Se o erro de escrita ou de cálculo não se depreende claramente do texto do acórdão, não admite correção nos termos das normas citadas.
Lapso, para efeito da norma em apreço, é essencialmente o lapsus calami, resultante de gralhas, da omissão ou interposição de palavras, frases ou números, designadamente por menor atenção, pressa ou descuidado, que patentemente ficaram por escrever ou surgem fora do contexto.
Obscuridade é a falta de claridade, a ininteligibilidade da decisão. Obscuro é o acórdão de difícil compreensão, que contenha algum passo ininteligível, cujo sentido exato não pode alcançar-se.
Ambiguidade significa ambivalência, pluralidade de sentidos, dúvida. Ambíguo é o acórdão confuso, de sentido dúbio, que contém alguma passagem equivoca, que se presta, razoavelmente, a interpretações diferentes. Que diz uma coisa e o seu contrário.
2. no caso:
O requerente não aponta qualquer erro, lapso, obscuridade ou ambiguidade que tenha detetado em alguma passagem do acórdão visado, seja na fundamentação, seja no dispositivo.

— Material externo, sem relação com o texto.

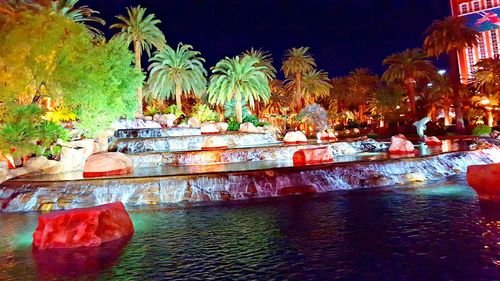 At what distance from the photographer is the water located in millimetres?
5879

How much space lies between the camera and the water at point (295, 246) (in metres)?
5.88

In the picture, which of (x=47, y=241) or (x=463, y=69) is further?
(x=463, y=69)

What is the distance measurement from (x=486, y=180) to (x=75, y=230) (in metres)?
9.30

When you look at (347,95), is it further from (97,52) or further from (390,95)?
(97,52)

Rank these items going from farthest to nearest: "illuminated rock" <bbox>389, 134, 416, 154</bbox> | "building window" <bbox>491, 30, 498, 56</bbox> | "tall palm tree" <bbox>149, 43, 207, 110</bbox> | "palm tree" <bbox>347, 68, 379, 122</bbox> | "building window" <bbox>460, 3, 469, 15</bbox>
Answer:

Alega, não ver que tenham logrado convencer os argumentos que aduziu no recurso interposto contra o acórdão da 2ª instância na parte em que pugnava pela reversão da alteração da qualificação jurídica operada pelo Tribunal da Relação.
De aclaramento só carece a decisão que é obscura ou ambígua.
Como bem nota o Digno Procurador-Geral Adjunto, em substância, vem unicamente expressar a discordância com o julgado. Sem que aponte defeitos daquela natureza, reclama, apenas, o reexame das conclusões da sua alegação de recurso e a alteração do conteúdo e sentido da decisão. Por conseguinte, o seu requerimento mais não traduz que a repristinação do thema decidendum.
O Requerente, somente por manifesta temeridade – explicável unicamente com o escopo de retardar o trânsito em julgado da condenação - pode vir dizer que não compreende se foi considerada a qualidade dos estupefacientes traficados, o tempo por que traficou, o modo e o local onde os arguidos compravam e vendiam e os rendimentos obtidos.
Contrariamente ao asseverado pelo Recorrente, no acórdão visado estão, clara, especificada e exaustivamente expostas as concretas razões de facto e de direito que fundamentam a decisão de confirmar a qualificação jurídica operada pelo Tribunal da Relação. Sumariamente, consistentes (1) na qualidade das drogas traficadas – heroína e cocaína -, (2) o período temporal em que os arguidos traficaram, (3) fazerem do tráfico única ocupação e principal fonte de proventos, (4) como empreendimento e “negócio” familiar (em conjugação de esforços e de intentos entre pai, filha, e genro, estes com crianças menores, netas do requerente), guardando os estupefacientes e fazendo algumas entregas nas próprias habitações. Rememora-se que os arguidos vêm condenados em coautoria material pela prática de um crime de tráfico p. e p. pelo art.º 21º n.º 1 do DL n.º 15/93 citado.
A fundamentação e o dispositivo são explícitos, abundantes e inequívocos, não contendo erros de escrita ou quaisquer outros defeitos que dificultem a sua fácil compreensibilidade pelos arguidos recorrentes ou por qualquer outra pessoa.
Não se verifica, pois, qualquer obscuridade ou ambiguidade, sendo o acórdão perfeitamente esclarecedor sobre o objeto do recurso.
Sendo tudo – a fundamentação e a decisão -, meridianamente claro, nada há que careça de esclarecimento.